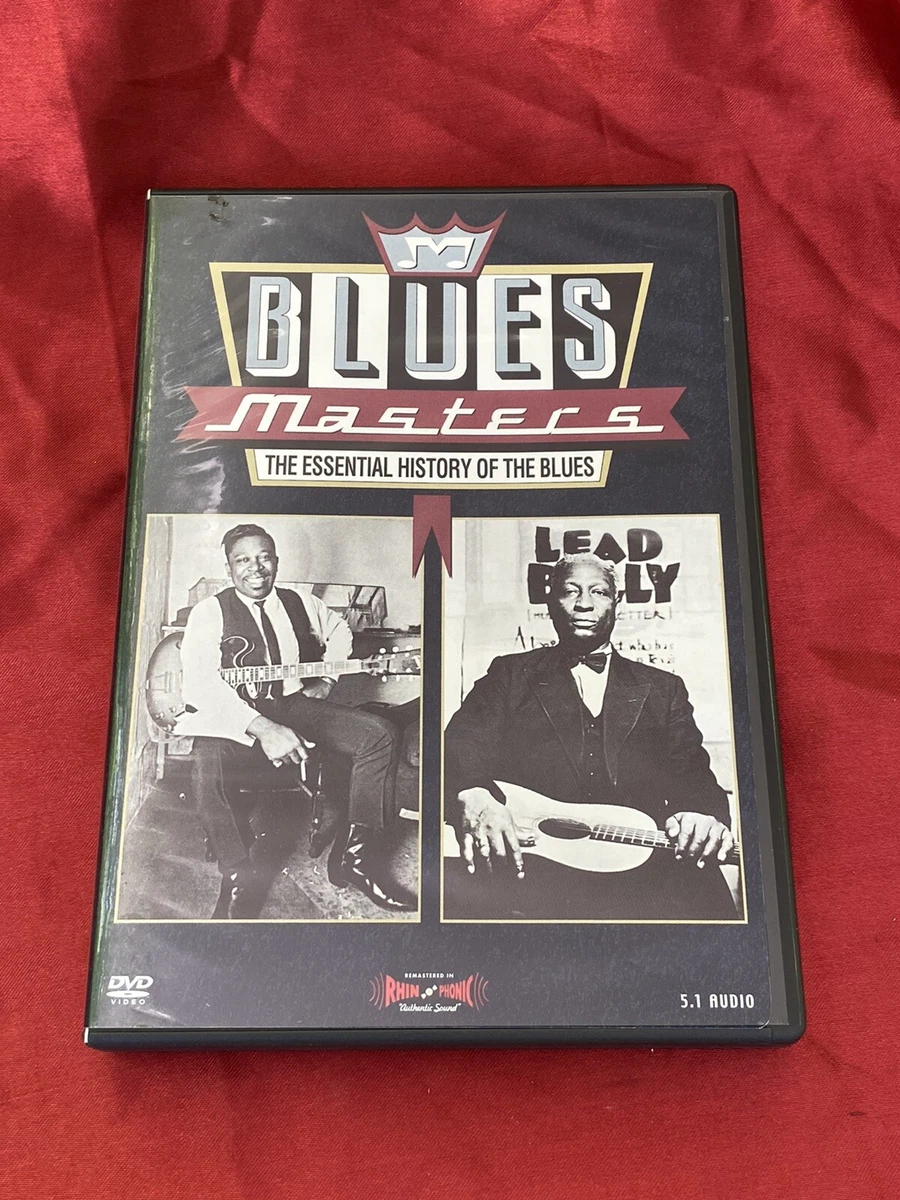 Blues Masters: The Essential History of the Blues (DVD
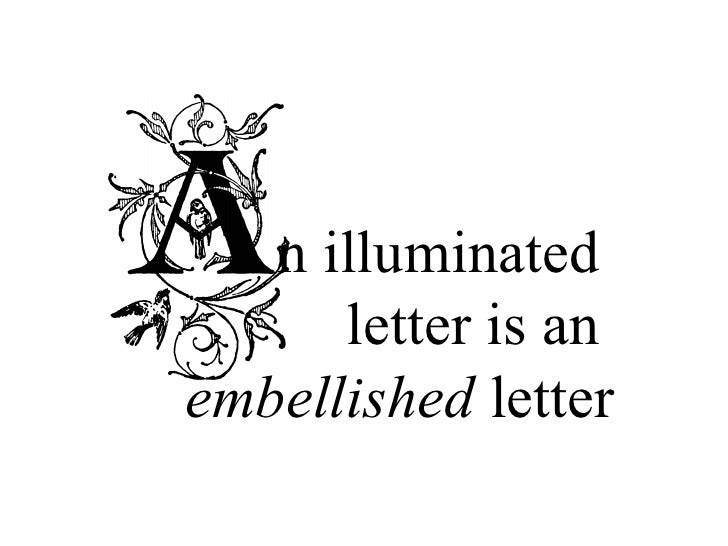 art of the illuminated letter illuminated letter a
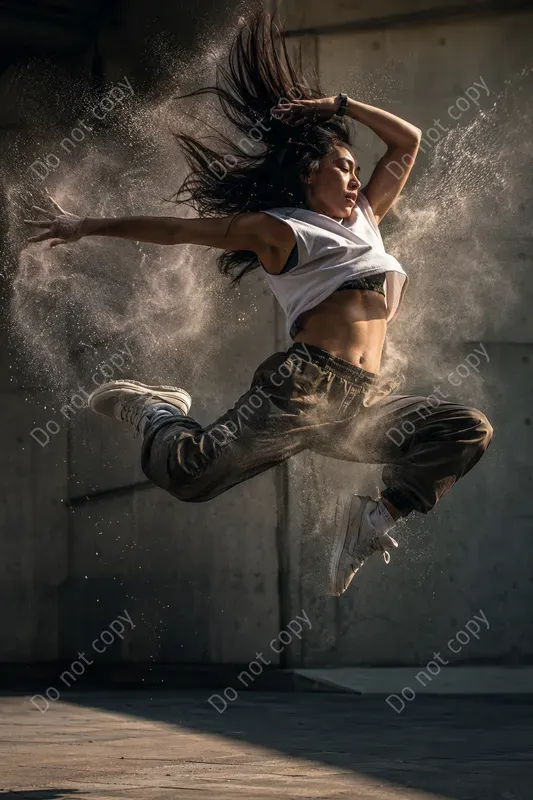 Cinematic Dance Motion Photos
━━━━━━━━━━━━━━━━━━━━
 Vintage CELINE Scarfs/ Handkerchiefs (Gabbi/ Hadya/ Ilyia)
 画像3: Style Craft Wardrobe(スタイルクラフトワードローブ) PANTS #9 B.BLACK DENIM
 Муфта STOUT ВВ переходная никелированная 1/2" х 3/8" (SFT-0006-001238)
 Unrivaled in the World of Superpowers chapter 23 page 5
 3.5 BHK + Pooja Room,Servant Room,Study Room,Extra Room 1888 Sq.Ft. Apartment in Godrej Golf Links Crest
━━━━━━━━━━━━━━━━━━━━
#### Task to complete:
Return exactly the lines above from the line that has "Unrivaled in the" through the line that has "3.5 BHK + Pooja", inclusive, and nothing else.

#### Solution:
 Unrivaled in the World of Superpowers chapter 23 page 5
 3.5 BHK + Pooja Room,Servant Room,Study Room,Extra Room 1888 Sq.Ft. Apartment in Godrej Golf Links Crest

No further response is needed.